Index: lib/Target/AMDGPU/SIISelLowering.cpp
===================================================================
--- lib/Target/AMDGPU/SIISelLowering.cpp
+++ lib/Target/AMDGPU/SIISelLowering.cpp
@@ -6374,7 +6374,7 @@
 /// \brief Adjust the writemask of MIMG instructions
 void SITargetLowering::adjustWritemask(MachineSDNode *&Node,
                                        SelectionDAG &DAG) const {
-  SDNode *Users[4] = { };
+  SDNode *Users[4] = { nullptr };
   unsigned Lane = 0;
   unsigned DmaskIdx = (Node->getNumOperands() - Node->getNumValues() == 9) ? 2 : 3;
   unsigned OldDmask = Node->getConstantOperandVal(DmaskIdx);
@@ -6426,18 +6426,6 @@
   Ops.insert(Ops.end(), Node->op_begin() + DmaskIdx + 1, Node->op_end());
   Node = (MachineSDNode*)DAG.UpdateNodeOperands(Node, Ops);
 
-  // If we only got one lane, replace it with a copy
-  // (if NewDmask has only one bit set...)

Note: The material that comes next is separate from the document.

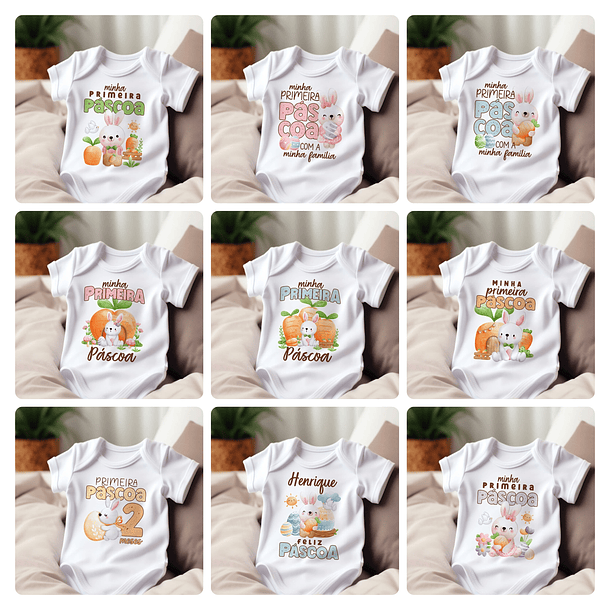 20 Artes para Body Páscoa Arquivo Editável  2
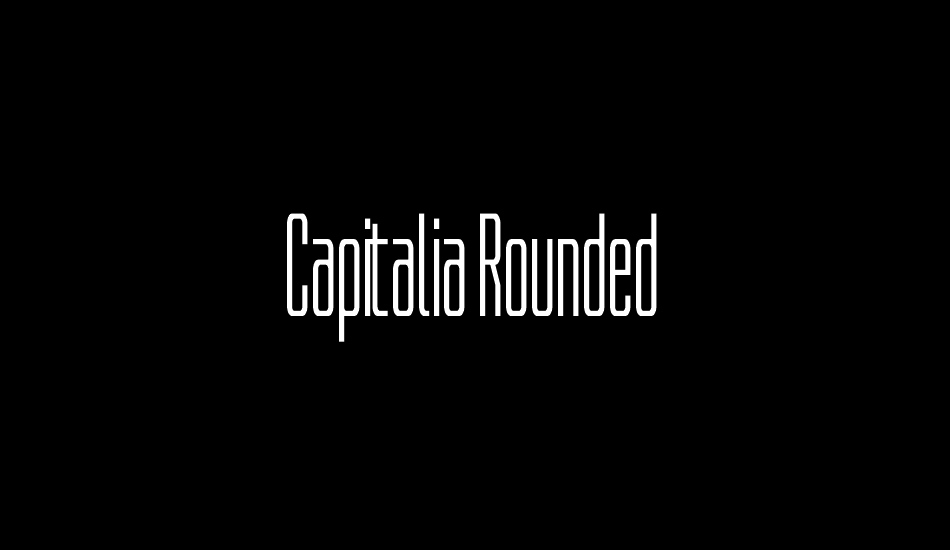 Capitalia Rounded font big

-  if (NewDmask && (NewDmask & (NewDmask-1)) == 0) {
-    SDValue RC = DAG.getTargetConstant(AMDGPU::VGPR_32RegClassID, SDLoc(),
-                                       MVT::i32);
-    SDNode *Copy = DAG.getMachineNode(TargetOpcode::COPY_TO_REGCLASS,
-                                      SDLoc(), Users[Lane]->getValueType(0),
-                                      SDValue(Node, 0), RC);
-    DAG.ReplaceAllUsesWith(Users[Lane], Copy);
-    return;
-  }
-
   // Update the users of the node with the new indices
   for (unsigned i = 0, Idx = AMDGPU::sub0; i < 4; ++i) {
     SDNode *User = Users[i];
@@ -6606,18 +6594,41 @@
     unsigned DmaskIdx = MI.getNumOperands() == 12 ? 3 : 4;
     unsigned Writemask = MI.getOperand(DmaskIdx).getImm();
     unsigned BitsSet = 0;
-    for (unsigned i = 0; i < 4; ++i)
-      BitsSet += Writemask & (1 << i) ? 1 : 0;
+    unsigned SubRegIdx;
+      for (unsigned i = 0; i < 4; ++i)
+        BitsSet += Writemask & (1 << i) ? 1 : 0;
     switch (BitsSet) {
-    default: return;
-    case 1:  RC = &AMDGPU::VGPR_32RegClass; break;
-    case 2:  RC = &AMDGPU::VReg_64RegClass; break;
-    case 3:  RC = &AMDGPU::VReg_96RegClass; break;
+    default:
+      return;
+    case 1:
+      RC = &AMDGPU::VGPR_32RegClass;
+      SubRegIdx = AMDGPU::sub0;
+      break;
+    case 2:
+      RC = &AMDGPU::VReg_64RegClass;
+      SubRegIdx = AMDGPU::sub0_sub1;
+      break;
+    case 3:
+      RC = &AMDGPU::VReg_96RegClass;
+      SubRegIdx = AMDGPU::sub0_sub1_sub2;
+      break;
     }
 
+    auto InsPt = std::next(MI.getIterator());
+
+    unsigned TmpSuperReg = MRI.createVirtualRegister(&AMDGPU::VReg_128RegClass);
+    unsigned TmpReg = MRI.createVirtualRegister(RC);
+
     unsigned NewOpcode = TII->getMaskedMIMGOp(MI.getOpcode(), BitsSet);
     MI.setDesc(TII->get(NewOpcode));
-    MRI.setRegClass(VReg, RC);
+    MI.getOperand(0).setReg(TmpReg);
+
+    const DebugLoc &DL = MI.getDebugLoc();
+    BuildMI(*MI.getParent(), InsPt, DL, TII->get(AMDGPU::IMPLICIT_DEF), TmpSuperReg);
+    BuildMI(*MI.getParent(), InsPt, DL, TII->get(AMDGPU::INSERT_SUBREG), VReg)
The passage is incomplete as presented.